Tuesday, 12 November 2013
Does promotion represent Blue Sky thinking or a Sky Blue problem for Coventry?
It's a bit confusing being a Coventry City fan at the moment. On the one hand, the team and manager are putting together some truly amazing results and playing the sort of football that we've rarely been accustomed to since I can remember.
On the other, the team are still playing 35 miles outside of Coventry with little support, some fans are choosing to fight each other in vicious bouts of catcalling and abuse in forums (and on TV), and there is still no way of knowing whether we will be building a new stadium or returning to the old one.
It may be tempting to try and detach these two schools of thought from one another. If the team is playing well and winning games, it becomes natural to use that as a mental escape from the financial and political quagmire the club has found itself flailing around in. If Steven Pressley has achieved these results whilst playing quality football and having to play at Sixfields then that must be some consolation for our predicament, and maybe it shouldn't be sullied by linking the good with the bad, and even the downright ugly.
Given our good start to the season, I was of this opinion. Keep the footballing side of the Sky Blue roller-coaster on one side, while the Sisu/ACL/council debacle can sit firmly on the other side. Any other way of looking at it would be to complete the self-fulfilling prophecy of being a pessimistic Coventry City fan, and our new footballing-dawn should deserve better than that.
However, given our good start to the season this view becomes a little complicated.
We need to talk about promotion. What a glorious feeling it is, especially given the 10-point deduction, to be sitting in 11th place, three points from the play-offs and with the best form in the league. While it is a somewhat rub-your-eyes-and-blink-a-few-times feeling, it also begs the question: what happens if we do earn promotion?
Let's start with the facts. As things stand, regardless of any talks between Joy Seppala and Ann Lucas, we are at Sixfields until a new stadium is built in the Coventry area for the club to return to, or we return to the Ricoh. The two have been reported to have been engaged in talks over a freehold sale of the stadium by the ever-reliable Coventry Telegraph, but these are early days and nothing remains bought or sold yet.
So unless the talks are successful and the team return to the Ricoh, that means a stay of up to five years in Northampton until a new stadium is built by which time, if current form is anything to go by, we may well have been promoted.
And if we are still playing at Sixfields, I can foresee a few problems with the idea of promotion.

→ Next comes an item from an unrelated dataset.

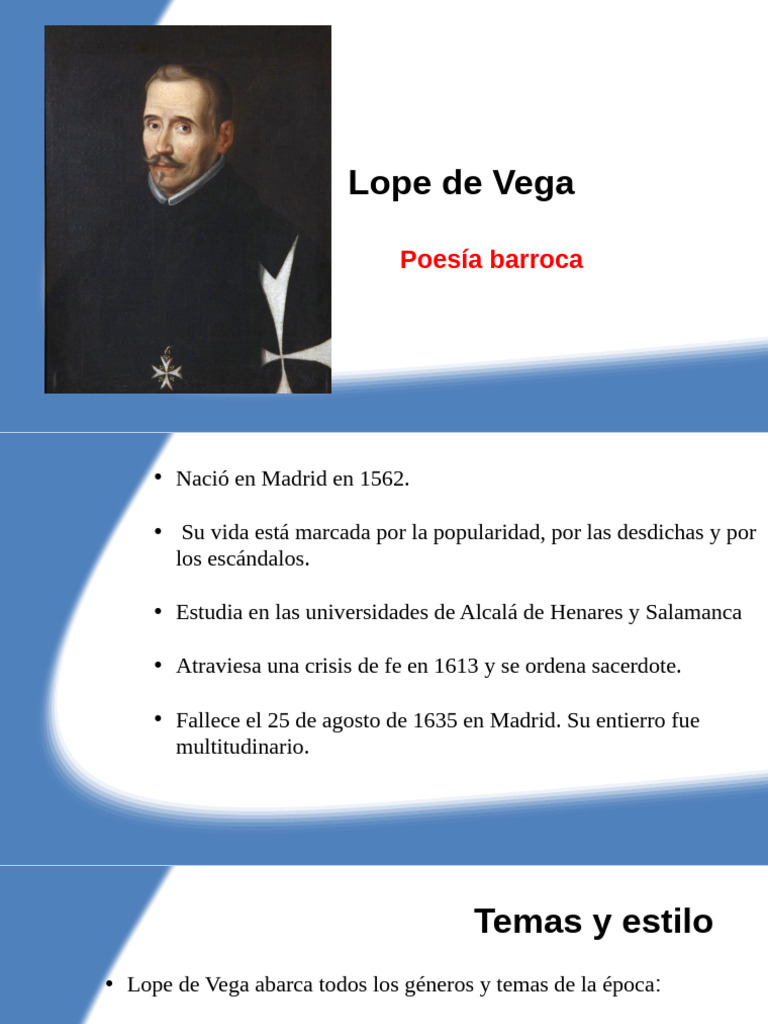 Lope de Vega: Poesía Barroca | PDF | Poesía | Sonetos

For a recent Championship club, the smallest stadium has been that of Scunthorpe United (Glanford Park) which has a capacity of 9,088. Their average attendance for that final year in the Championship was 5,547. Coventry's average for this year so far at Sixfields is 2,239. Even with a return to the Championship, it is hard to see crowds increasing at Sixfields due to either an unaffordable match-day experience, or continued staunch stances on watching the team at a stadium they shouldn't be playing in.
Watched on by their average of 5,547 fans, Scunthorpe were relegated after two seasons in the second tier of English football in 2011. With such low incoming revenues, challenging the elite of the Championship, especially those who were living in another realm of financial capability due to ongoing parachute-payments from the Premier League must have been nigh-on impossible for two seasons, let alone if they were trying to establish themselves as a steady, second-tier club for a number of campaigns.
As well as poorer crowds than Scunthorpe were accustomed to, the Sky Blues have to deal with losing money due to renting Sixfields from Northampton Town. With no income visible to the naked eye, the thought of improving the squad or offering better contracts seems implausible.
The point remains that if Coventry are to stay at Sixfields for the remainder of the three-five years, would promotion be a hindrance rather than a advantage? With limited revenue from many fans whom I am sure would stay away due to their strong beliefs on the matter, and the players (and manager) on show in a bigger shop window, there is every chance that promotion may just mean another relegation, but this time with more key players being lost and a talented manager being tempted away.
That is not to say this would not happen if we were back at the Ricoh. It would however mean we would be better equipped to deal with the new realities of an increasingly stronger second-tier, financially and support-wise. Regardless of your thoughts on Sisu and their attempted occupation of the Ricoh, the fact is that the club, team, and supporters would be better off if the company owned the stadium. If that means they choose to sell on the club with the stadium to interested bidders, or continue running the club with the valuable match-day revenues minus the extortionate rent payments that were expected by ACL and the council, so be it. It may not be an ideal situation given their history, but it is the most attractive looking option for the club at the present time.
I am no Sisu apologist. Nor am I an ACL/council one. It doesn't take a genius to work out that if (and it is an 'if', with more than half the season to go) Coventry get promoted, we would need to be back in the Ricoh.
So fingers crossed that talks between Lucas and Seppala go well. Because the result might just mean that we Coventry fans can start to reconcile the business and the footballing side of supporting our club.